- Dataset excerpts -
# # #

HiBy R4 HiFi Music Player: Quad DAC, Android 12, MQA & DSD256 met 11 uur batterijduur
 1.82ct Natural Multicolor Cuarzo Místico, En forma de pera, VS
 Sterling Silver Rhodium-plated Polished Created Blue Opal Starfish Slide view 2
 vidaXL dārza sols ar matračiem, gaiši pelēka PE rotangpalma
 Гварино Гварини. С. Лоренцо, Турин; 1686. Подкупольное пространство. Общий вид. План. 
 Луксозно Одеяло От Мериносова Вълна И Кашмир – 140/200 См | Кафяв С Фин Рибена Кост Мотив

# # #

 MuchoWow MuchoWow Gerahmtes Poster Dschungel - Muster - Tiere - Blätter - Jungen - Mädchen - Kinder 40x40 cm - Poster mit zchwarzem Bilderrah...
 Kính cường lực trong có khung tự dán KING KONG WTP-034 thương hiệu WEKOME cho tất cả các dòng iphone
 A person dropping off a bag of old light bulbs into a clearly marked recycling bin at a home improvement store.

# # #

Could you restate word for word the lines above from the one containing "1.82ct Natural Multicolor" through the one containing "Луксозно Одеяло От", both included, and nothing else?

 1.82ct Natural Multicolor Cuarzo Místico, En forma de pera, VS
 Sterling Silver Rhodium-plated Polished Created Blue Opal Starfish Slide view 2
 vidaXL dārza sols ar matračiem, gaiši pelēka PE rotangpalma
 Гварино Гварини. С. Лоренцо, Турин; 1686. Подкупольное пространство. Общий вид. План. 
 Луксозно Одеяло От Мериносова Вълна И Кашмир – 140/200 См | Кафяв С Фин Рибена Кост Мотив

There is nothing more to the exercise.